And they do this deal where you paint powdered glass in binder onto a pane of glass, and send it through a furnace to fuse it. You can get photographic results that way.
So it wouldn’t be 5000 pieces and a lot of lead cane these days.
Give it a couple of centuries, when the Church of Halo has become a true religion, with millions of followers. Dogma gets established, power becomes entrenched, and the current leaders seek to cement their power. Then they’ll go around idealizing the focus of their religion, will depict her in flowing robes, no glasses (the Mighty Halo had perfect vision), gorgeous Super-style body, etc…
Worked for the Wyld Stallyns.
By the way – a new Bill and Ted is coming out next year, per Wiki 2020 in Film page.
Next page, Maxi is behind Sydney:- “Yeah, meant to give you a heads up about this…”
Just as likely they decided to intentionally tell her nothing because it’d be funnier that way.
All of Archon except Maxi would find it funny
That is definitely something Maxima would do.
But there would be cameras, lots of cameras.
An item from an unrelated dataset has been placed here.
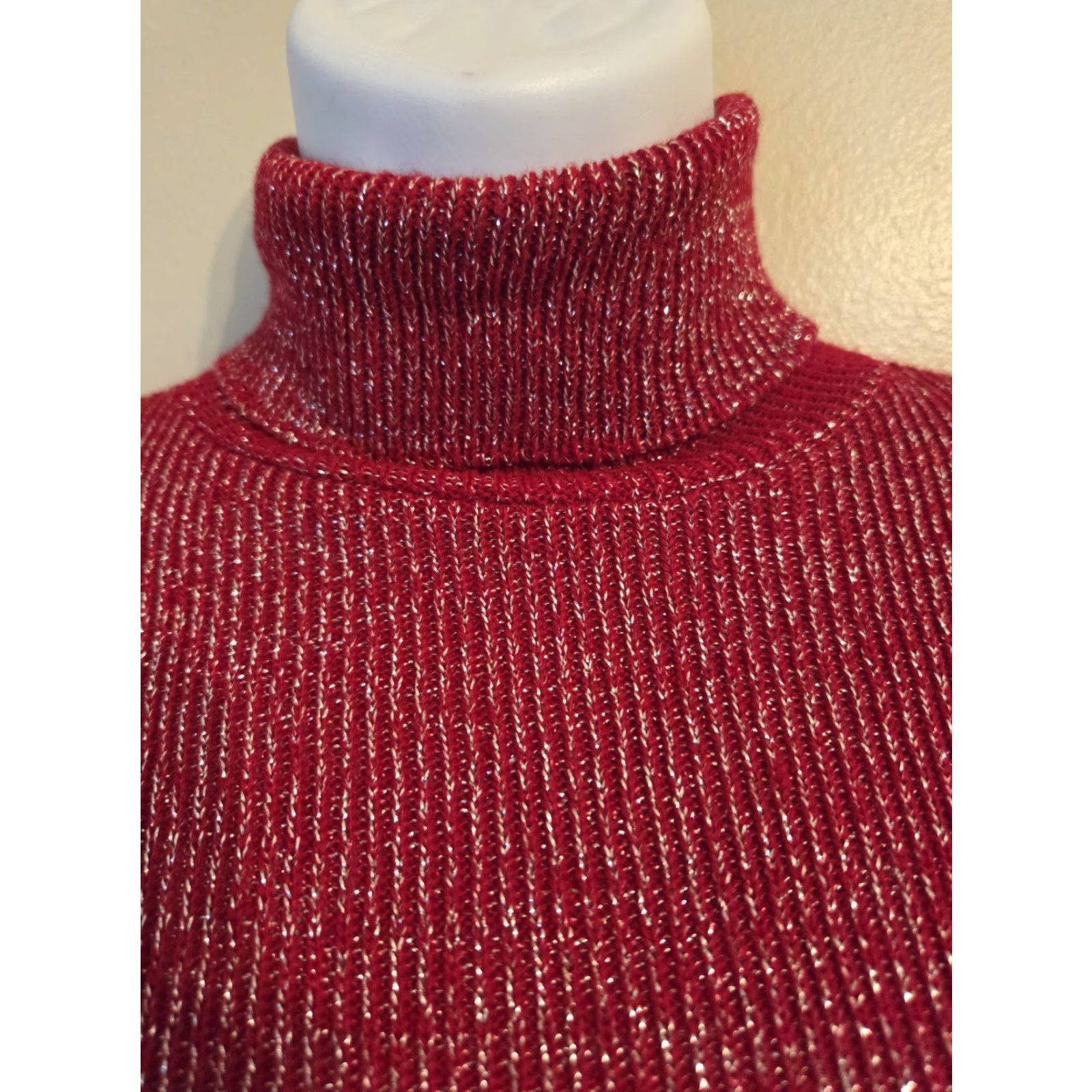 Vintage VINTAGE Adriana Red Metallic Turtleneck Acrylic Sweater Womens M 1970s Red Womens M Size M / US 6-8 / IT 42-44 - 2 Thumbnail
And at least one of Harem would be there for a semi-selfie.
form arc-light:
what you don’t think we can have cameras there? we will have UHD 3D streaming set up. and not even the dreaded squirrels will mess with it.
I was gonna suggest that, depending on the state, there could be a lot of licensing and use issues there, but then I realized that, whether it was previously mentioned or not, she almost certainly signed away the licensing rights to her likeness to Archon when she signed up. Also, as a co-owner (I think?) of the business, the business may be able to claim that right regardless of its status with Archon.
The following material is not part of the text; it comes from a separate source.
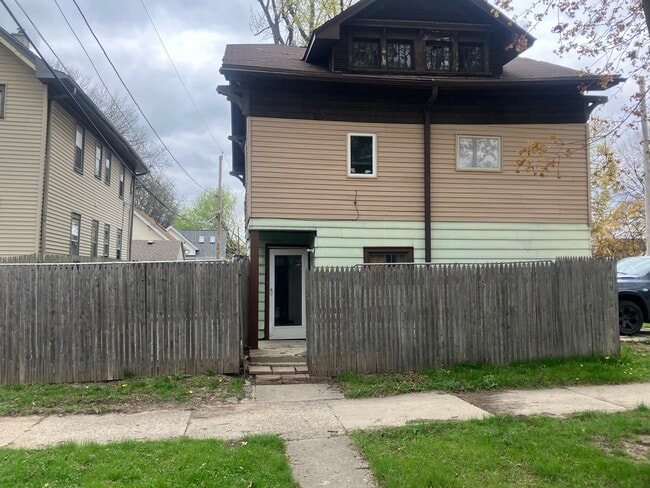 Photo - 1303 N Hawley Rd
Licensing was specifically mentioned around the time Sydney realised how much her Archon pay cheque was.
And that Arianna clearly Has Plans for her ADHD mad lad(y)
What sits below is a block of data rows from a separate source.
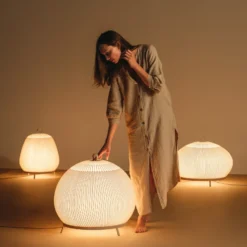 lámpara LED de suelo Knit 7492 beige, altura 51 cm, 927 Casambi, de Vibia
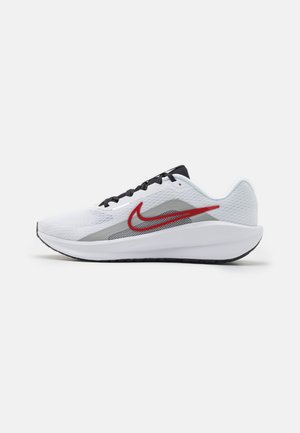 DOWNSHIFTER 13 - Stabilty running shoes - white/fire red/light smoke grey/black/photon dust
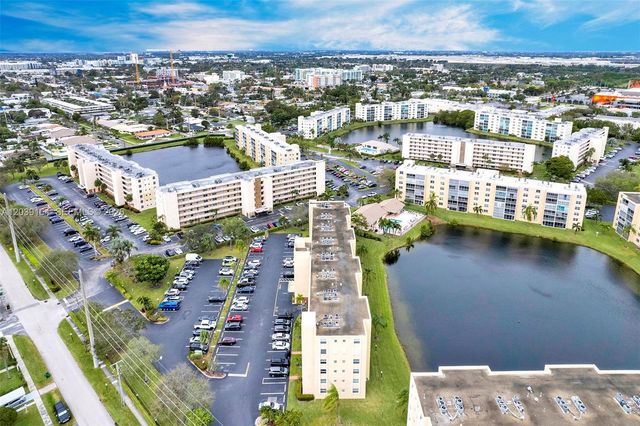 431 SE 3rd Street 402, Dania Beach, FL 33004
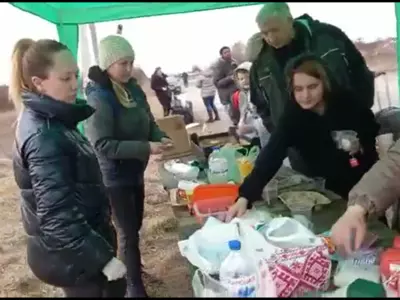 Khalsa Aid Serves Langar Near Ukraine-Poland Border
Complete with Notre Dam style flying buttresses. I hope that means there are also large windows along both side walls, since that’s the main reason FBs were added to buildings, for extra support so you could have more large windows.
Actually it wasn’t the presence of windows—large or small—but the (vaulted) roof pushing the walls outwards.
The flying buttress did indeed allow large windows, that’s what it was developed for after the buttress system matured. However, flying buttresses also need more land, much larger architectural footprints, since the enormous pier was still a prerequisite.
If they are spaced down the side of the building, and not just as part of a large facade, you could set up stalls in between the butresses and have a mini comic book convention.
I’m sure somethings like that used to happen ;)
Partially true. Buttresses’ primary purpose is to help transfer the horizontal loads from the vault to the ground, whether they’re solid or flying. But flying buttresses take up less wall space and allow a lot more light to reach the wall (for a given level or reinforcement), thus allowing larger windows.
The FB’s on that building are probably entirely aesthetic. FB’s were developed before steel I-beams.
One of them is the Jimmy Hoffa buttress.
Yep, entirely cosmetic for the last century or two. As already mentioned, the buttresses are there to push back against the large spans of the vaulted ceilings. Steel beams and reinforced concrete accomplish that by enabling tension members, which aren’t possible with stacked stone, so you get a much more compact building.
There were some tension methods earlier on, like big steel rods on the truss members or through the exterior walls. However between the state of metallurgy, the exposure, and the scale of the buildings, it wasn’t practical (or safe) to depend on a series of giant low-grade steel rods to not rust out over the next several centuries. Also, it kinda spoils the look of the giant vaulted space.
Gee, I thought they might have been nacelles in launch position.
Dabbler could definitely arrange that. Don’t forget to include the thumping stereo system and the Steppenwolf disc, of course.
“I like to dream, yes, yes
Right between the sound machine
On a cloud of sound I drift in the night
Any place it goes is right
Goes far, flies near
To the stars away from here”
Actually, until I looked at that just now, I had not realized how on-point that song was for humanity’s first FTL flight.
As long as she did not say ‘Holy shit!’ when she saw that xD
oh possibly “Holy me!” or “Me Dammit!”
Arianna will approve – it’s free publicity. Hell, Arianna may even have provided funding for it (possibly for a cut of the profits, perhaps…)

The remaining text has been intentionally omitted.